Beitrag von Ursus » So 5. Jul 2015, 20:23

Aus meinem Vortrag "Die Entwicklung der Englischen Großuhr" möchte ich folgendes zitieren:

1. Räderuhren wurden wahrscheinlich kurz vor 1300 erfunden:
1271 nämlich hatte der an der Pariser Universität lehrende Engländer Robertus Anglicus in einem Kommentar zu einem Astronomielehrbuch geschrieben: "Die Macher von Uhrwerken arbeiten an einem Mechanismus, der sich einmal am Tag dreht, aber sie haben es bisher noch nicht geschafft" 

2. 1283 Dunstable Priory Church (Uhr oberhalb des Lettners)

St. Paul’s Cathedral:
1286 Erwähnung eines “Clock-Keepers” (Uhr innerhalb der Kirche)
1298 Erwähnung von Jaquemarts
1344 Werk ersetzt
Waren dies bereits Räderuhren ?

3. Unterschied zwischen „horloge“ und „cloke“:

Horloge: ohne Schlagwerk
Cloke: mit Schlagwerk
Aber auch
Horloge = Wasseruhr !!

Aus den Archivalien ist es oft nicht sicher, denn die Sprache in den Schriften war damals Latein und der Begriff "horologium" kann jede Art von Uhr (auch Elementaruhren: Sonnen-, Wasser-, Feuer-, Sanduhren) bedeuten.

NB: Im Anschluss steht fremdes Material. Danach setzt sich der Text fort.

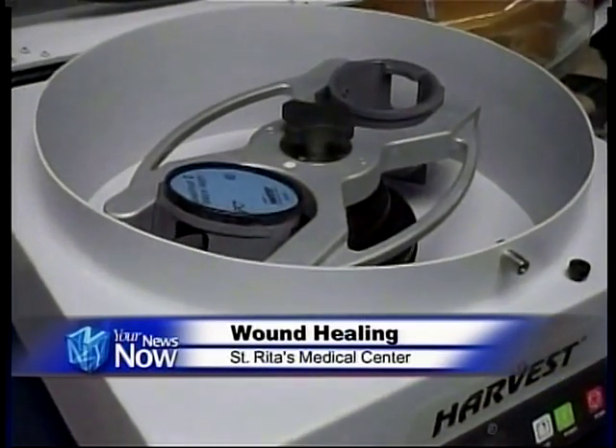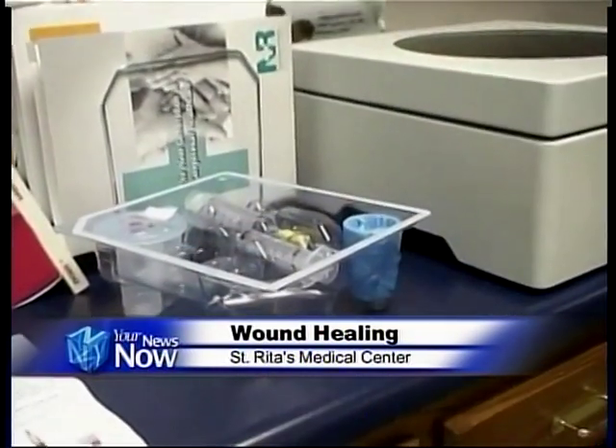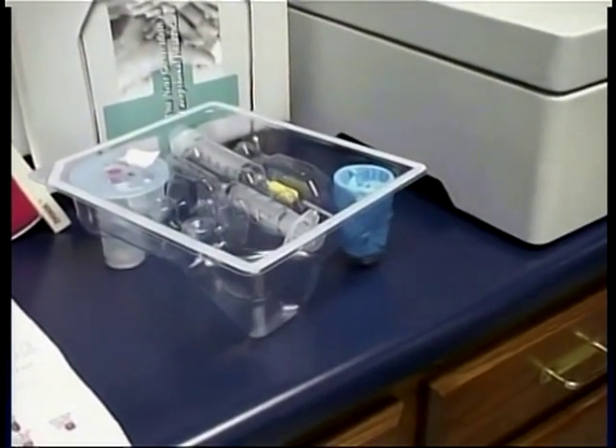When a patient has a wound, healing it in the fastest time possible is crucial. In our local medical moment, we'll look at St. Rita's Infectious Disease Department and how they are helping patients heal wounds. There's a new process for helping to heal wounds, and doctors in the Infectious Disease Department at St. Rita's are taking advantage of it. The new process they have been doing is called platelet-rich plasma, an adjuvant therapy in wound healing, used for the last almost two years.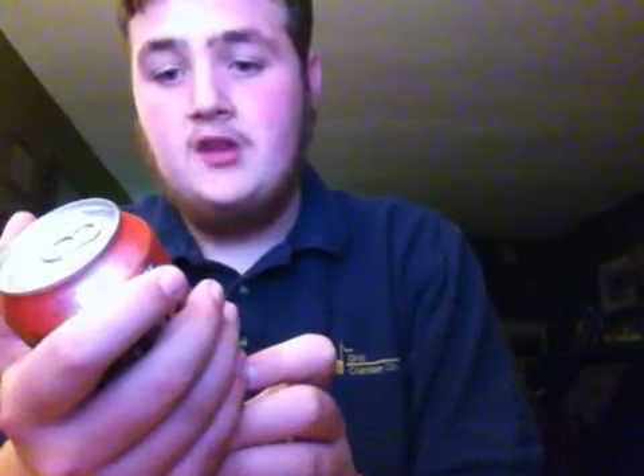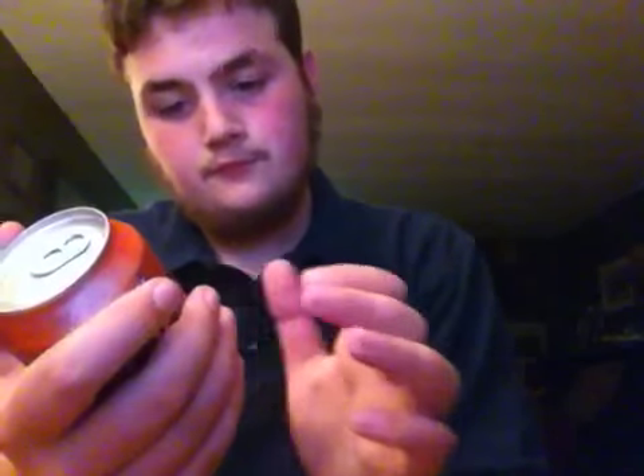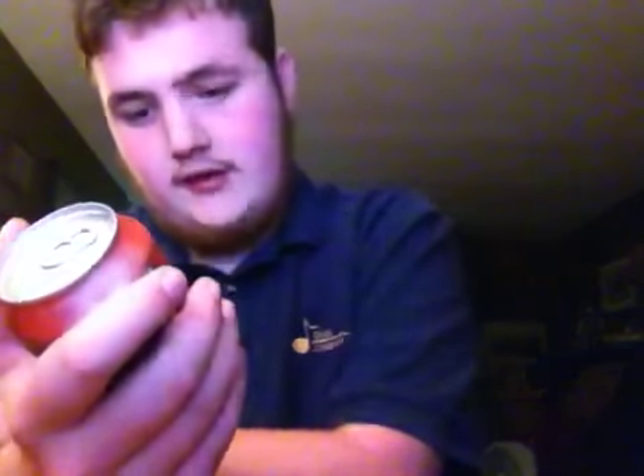The nutrition facts: it has total fat of 0 grams. Sodium is 65 milligrams. Total carbohydrate is 46 grams. Sugar is 46 grams. And the protein is 0 grams — obviously there's no meat. Like I say in most of my reviews, I don't really see much protein. I'm not going to read the ingredients, but I can tell you that in the 12-ounce can the caffeine content contains 73 milligrams.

Gerbert (Silvester II. (vorher Gerbert von Aurillac, auch Gerbert von Reims; * um 950 in Aquitanien; † 12. Mai 1003 in Rom) war ein Mathematiker, Abt von Bobbio, Erzbischof von Reims und Ravenna sowie schließlich erster französischer Papst vom 2. April 999 bis zu seinem Tod im Jahr 1003.) war mit hoher Wahrscheinlichkeit nicht der Erfinder der Räderuhr mit mechanischer Hemmung. Es findet sich nur ein Hinweis in dem Buch von Oswald Spengler der behauptet, dass Gerbert um 1000 die „Konstruktion der Schlag- und Räderuhren erfunden“ habe. Allerdings machte er 968 eine Studienreise nach Andalusien und konnte dort von den Arabern die Kunst des Wasseruhrbaus erlernt haben.

Ursus

Quellen:
Robertus Anglicus war ein englischer Astronom des 13. Jahrhunderts. Er lehrte an der Universität Montpellier und möglicherweise auch in Paris. Bekannt ist er uns als Verfasser eines 1271 erschienenen Kommentars zu De Sphaera des Johannes de Sacrobosco. Darin findet sich eine Bemerkung über den damaligen Entwicklungsstand der Uhrentechnologie.
(https://de.wikipedia.org/wiki/Robertus_Anglicus)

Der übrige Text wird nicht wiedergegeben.